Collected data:
_ _ _ _ _

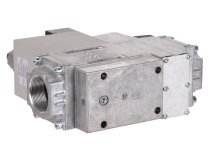 Газовый мультиблок Simson MB-DLE 420 B01 S20, 4-20 мбар, арт: RU228712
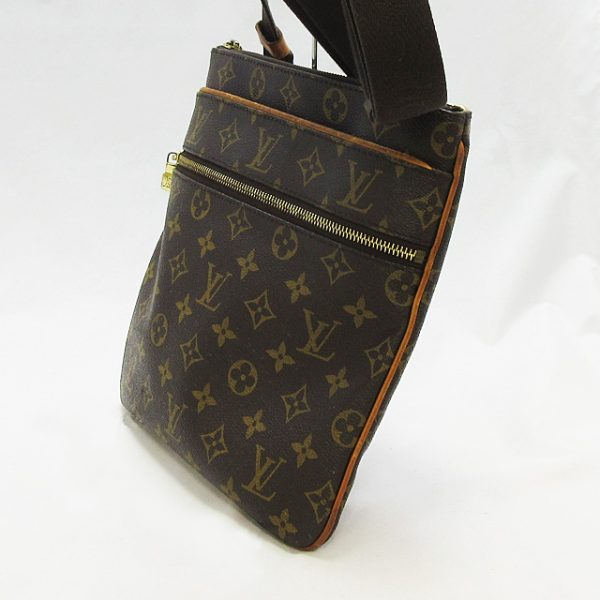 imgrc0093798047 Louis Vuitton Pochette Valmy Monogram Shoulder Bag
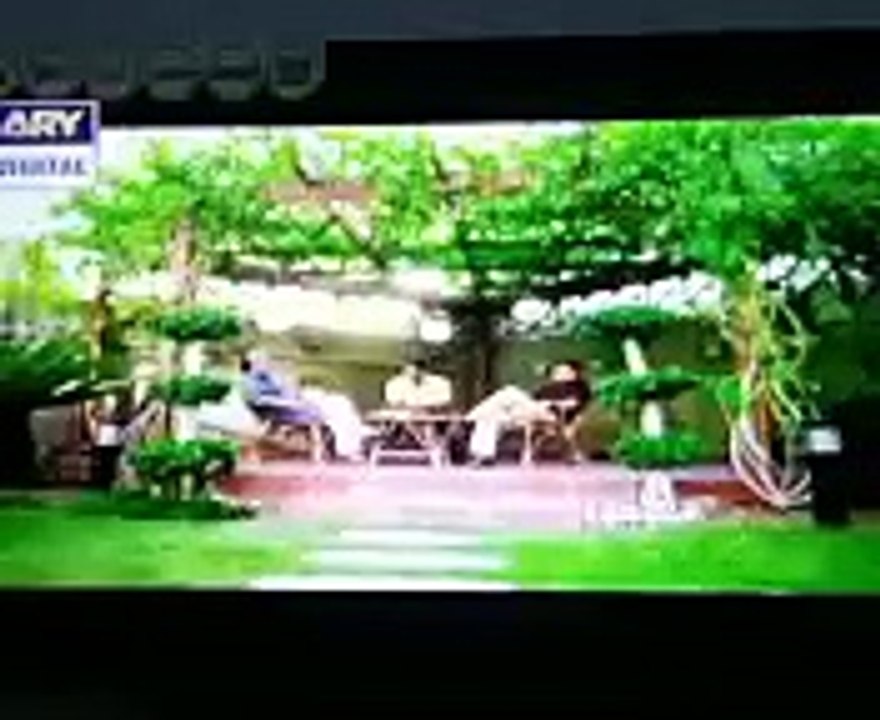 Ab Kar Mere Rafo Gare Episode 2 on ARY Digital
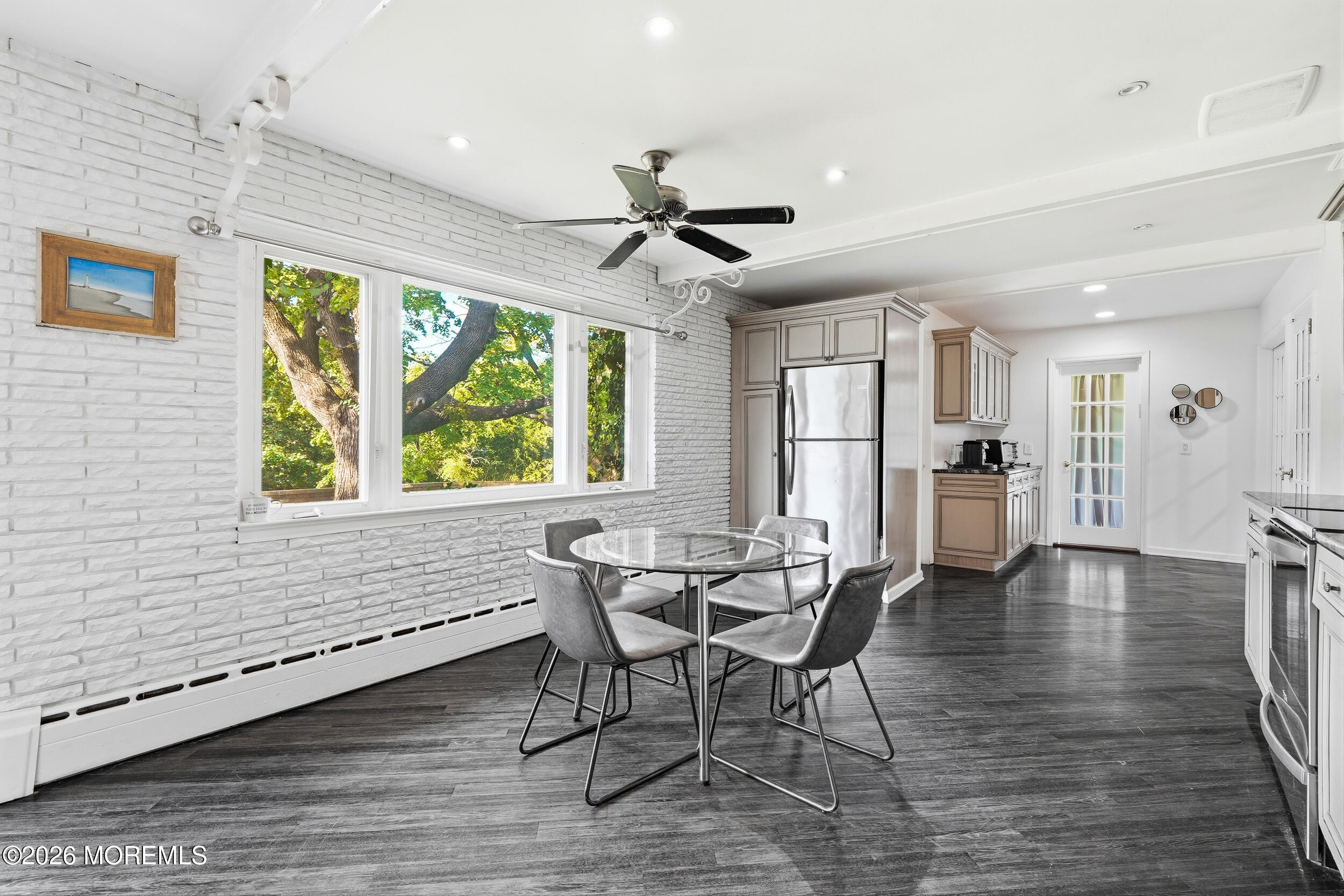 223 Howard Avenue Long Branch NJ 07740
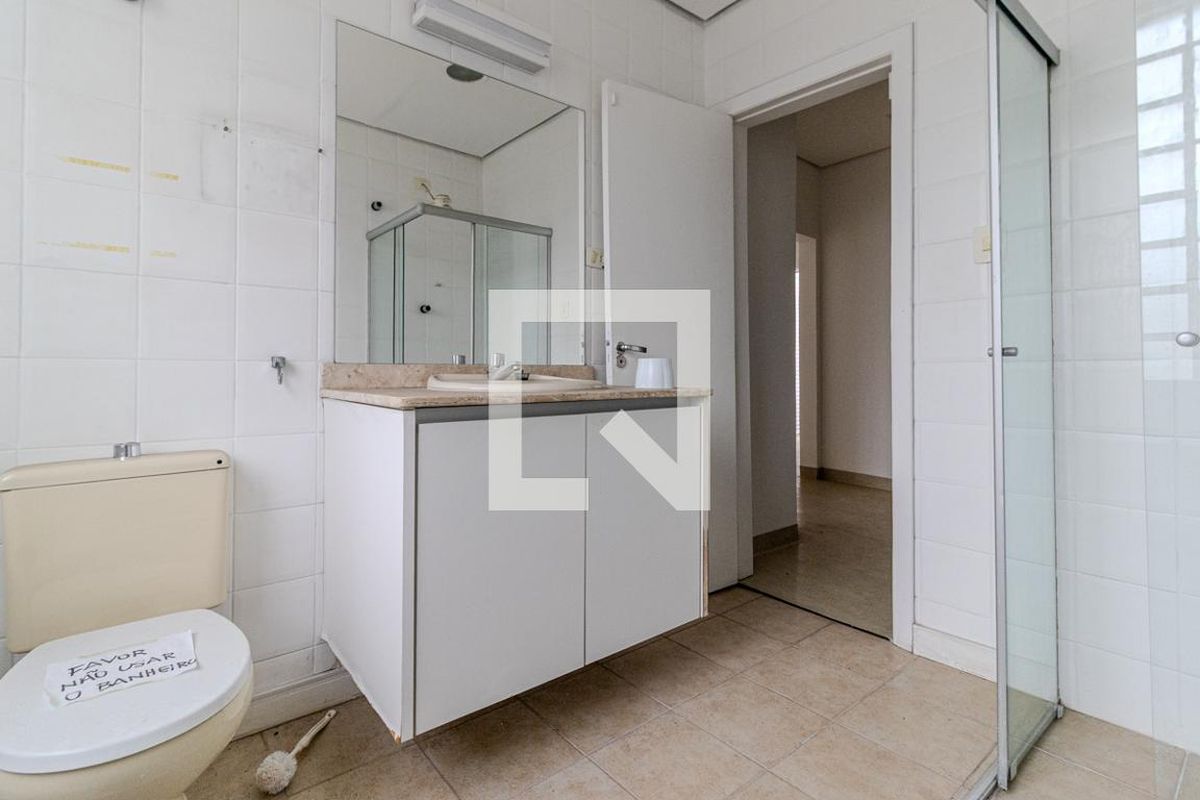 Casa, 4 quartos, 180 m² - Foto 35
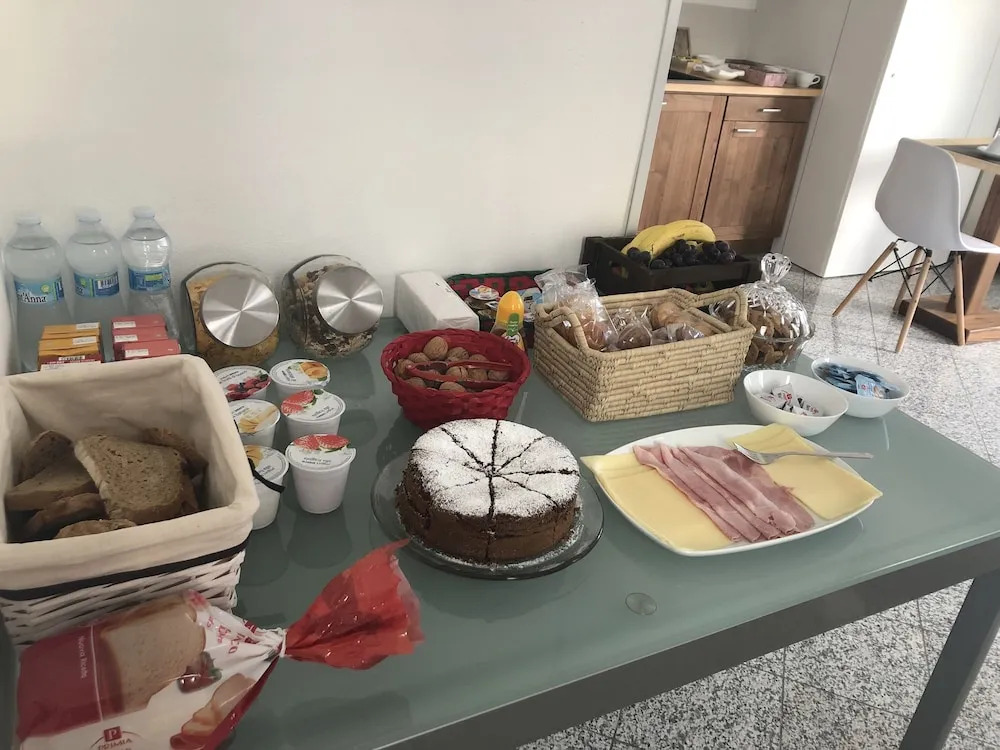 La Casa di Anna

_ _ _ _ _

Your instructions
Quote every record above exactly, omitting any pictures they contain.

Output
 Газовый мультиблок Simson MB-DLE 420 B01 S20, 4-20 мбар, арт: RU228712
 imgrc0093798047 Louis Vuitton Pochette Valmy Monogram Shoulder Bag
 Ab Kar Mere Rafo Gare Episode 2 on ARY Digital
 223 Howard Avenue Long Branch NJ 07740
 Casa, 4 quartos, 180 m² - Foto 35
 La Casa di Anna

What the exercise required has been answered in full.